### Assignment
Retype only the lines below from the one with "Mersin Temizlik Şirketi Mezitli" to the one with "Rustic August Birth", inclusive, skipping every image.

Top of Source data

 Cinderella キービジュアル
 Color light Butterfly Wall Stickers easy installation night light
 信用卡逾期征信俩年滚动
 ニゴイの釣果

Bottom of Source data
Top of Source data

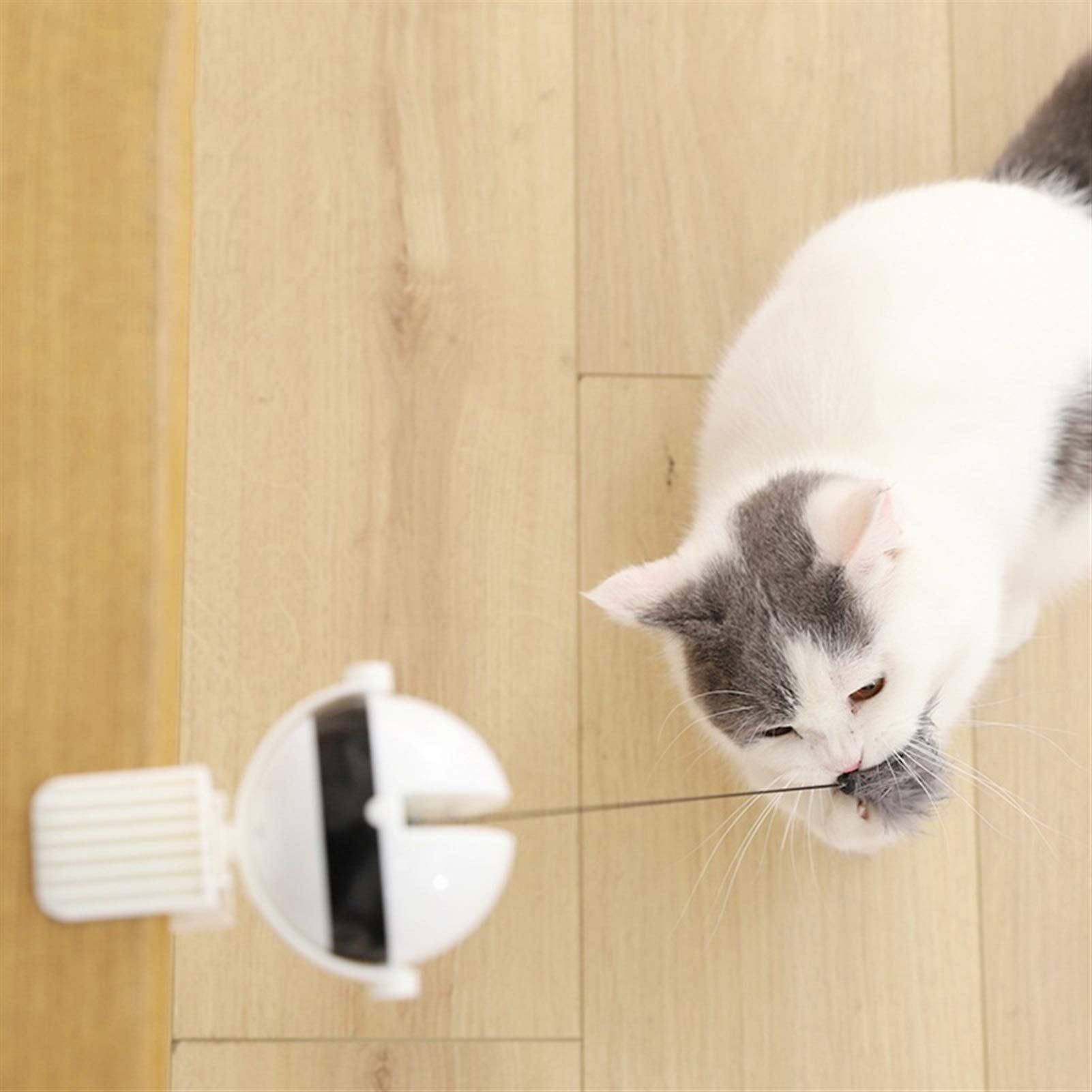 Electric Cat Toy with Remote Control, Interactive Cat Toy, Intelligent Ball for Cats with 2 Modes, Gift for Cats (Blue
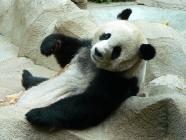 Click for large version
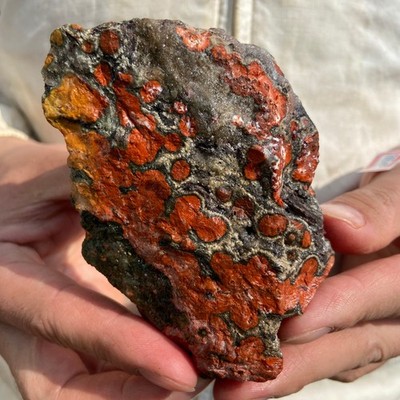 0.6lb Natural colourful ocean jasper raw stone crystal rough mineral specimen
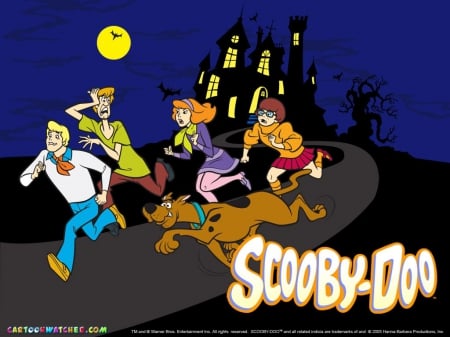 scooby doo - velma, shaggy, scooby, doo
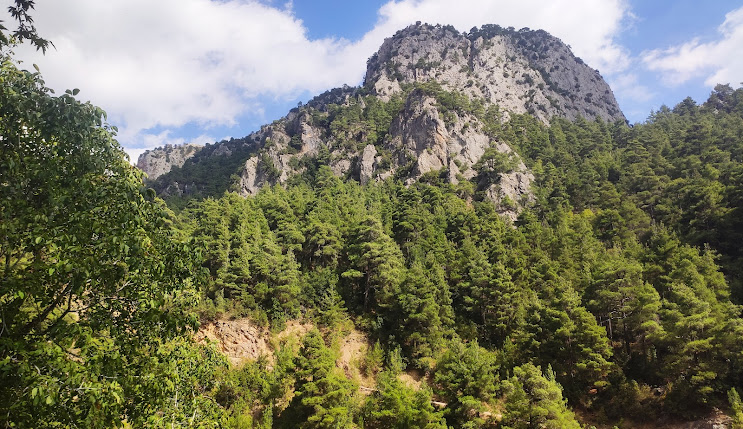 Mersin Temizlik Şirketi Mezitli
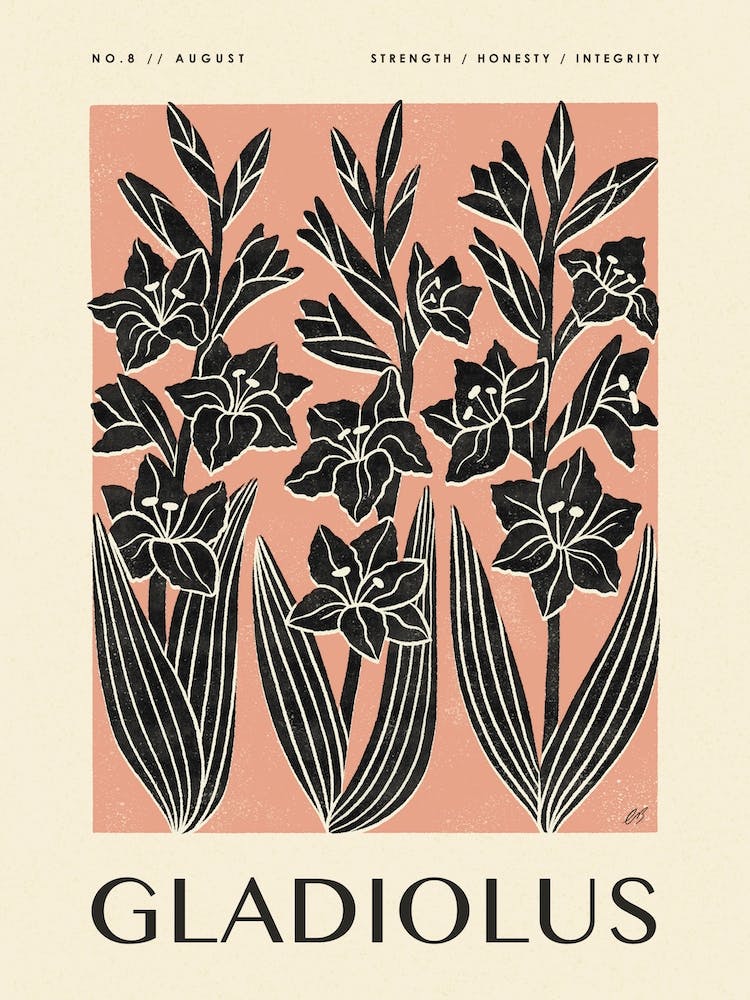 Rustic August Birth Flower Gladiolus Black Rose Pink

Bottom of Source data
Top of Source data

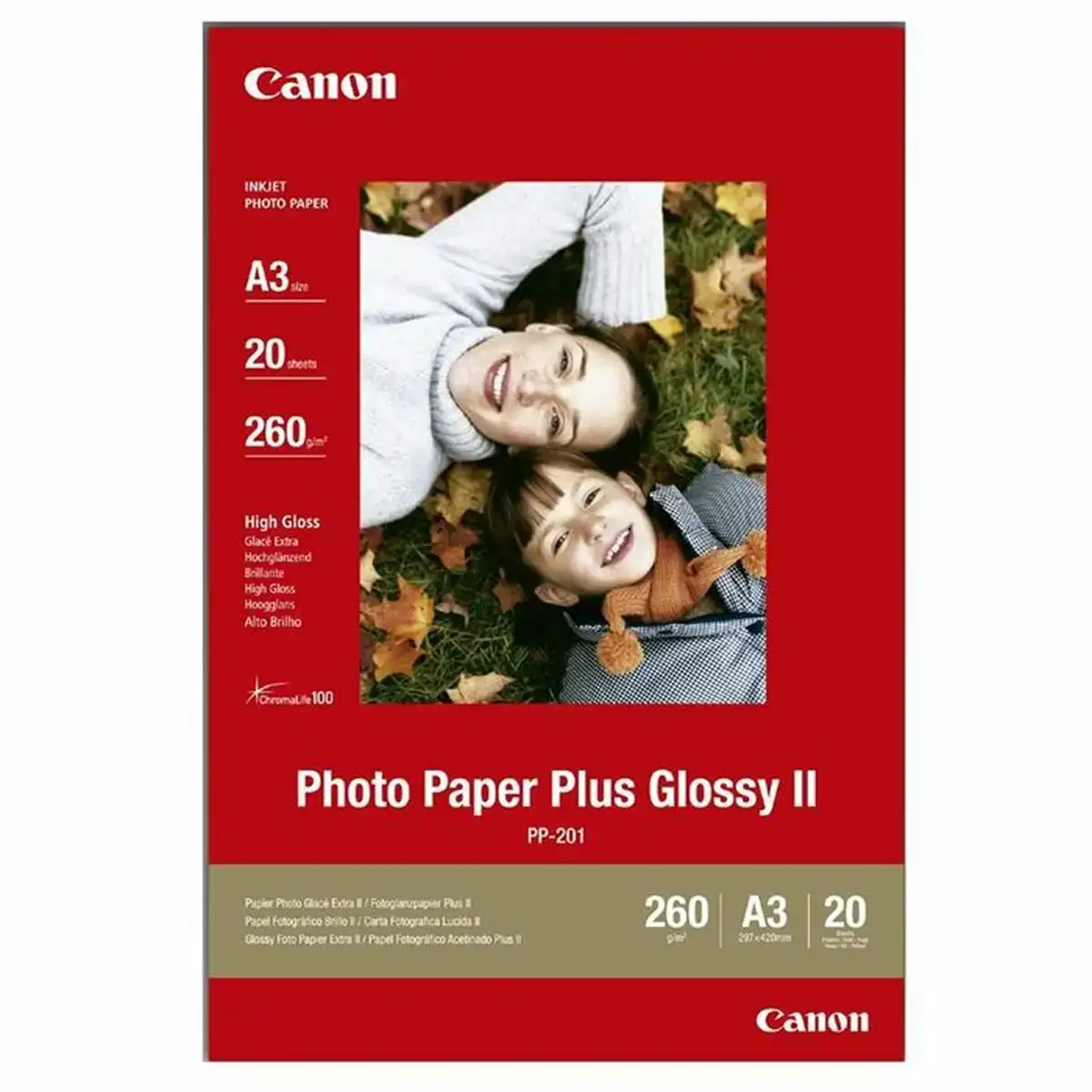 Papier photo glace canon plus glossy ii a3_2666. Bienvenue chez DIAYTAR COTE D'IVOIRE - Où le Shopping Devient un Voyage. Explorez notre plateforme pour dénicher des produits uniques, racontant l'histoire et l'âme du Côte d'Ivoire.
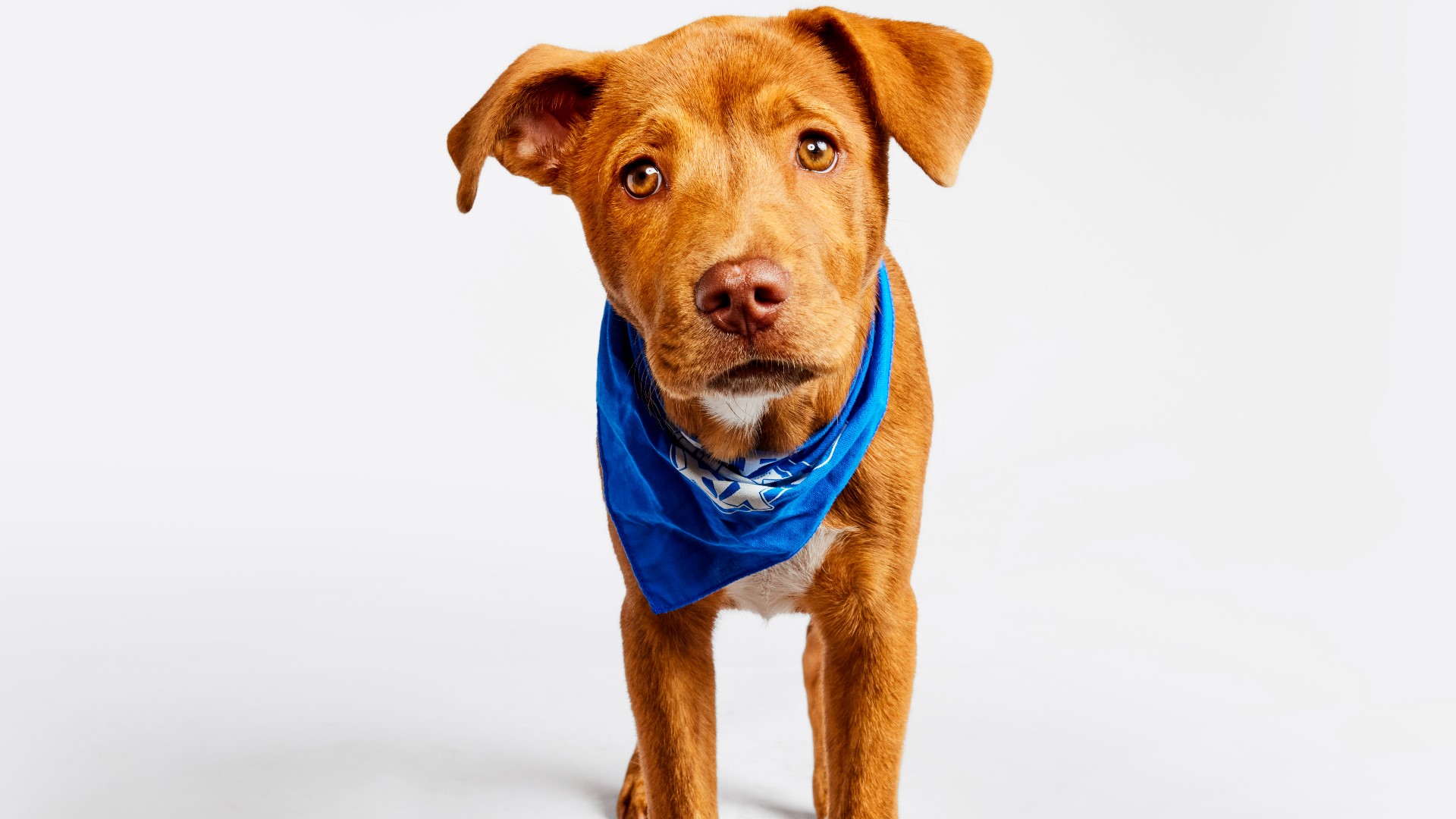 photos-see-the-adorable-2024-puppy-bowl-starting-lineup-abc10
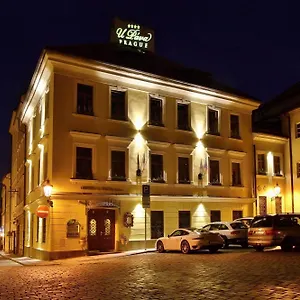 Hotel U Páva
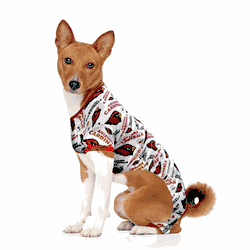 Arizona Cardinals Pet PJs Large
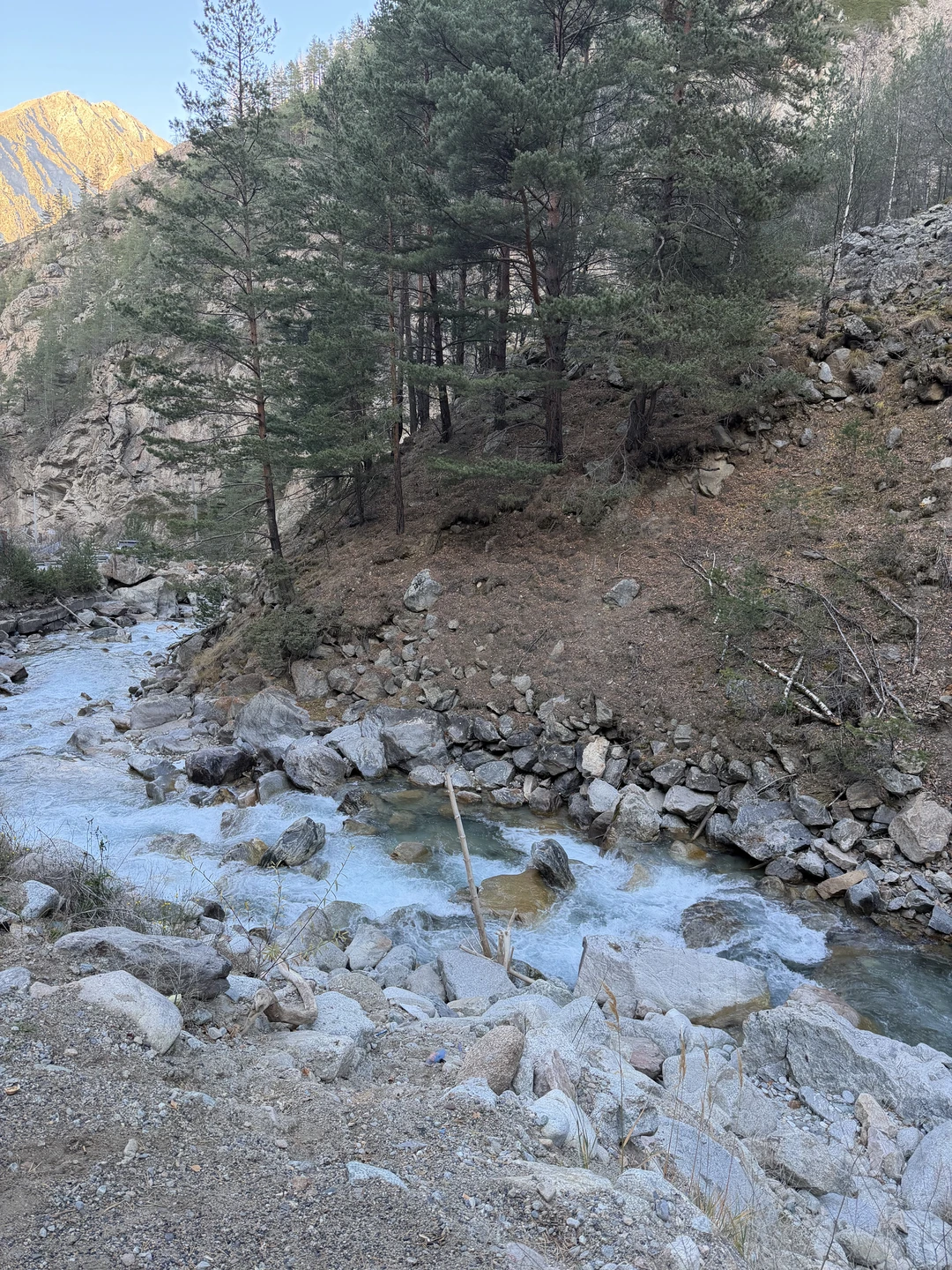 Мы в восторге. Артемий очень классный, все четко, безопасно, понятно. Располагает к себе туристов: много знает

Bottom of Source data

### Response area
 Mersin Temizlik Şirketi Mezitli
 Rustic August Birth Flower Gladiolus Black Rose Pink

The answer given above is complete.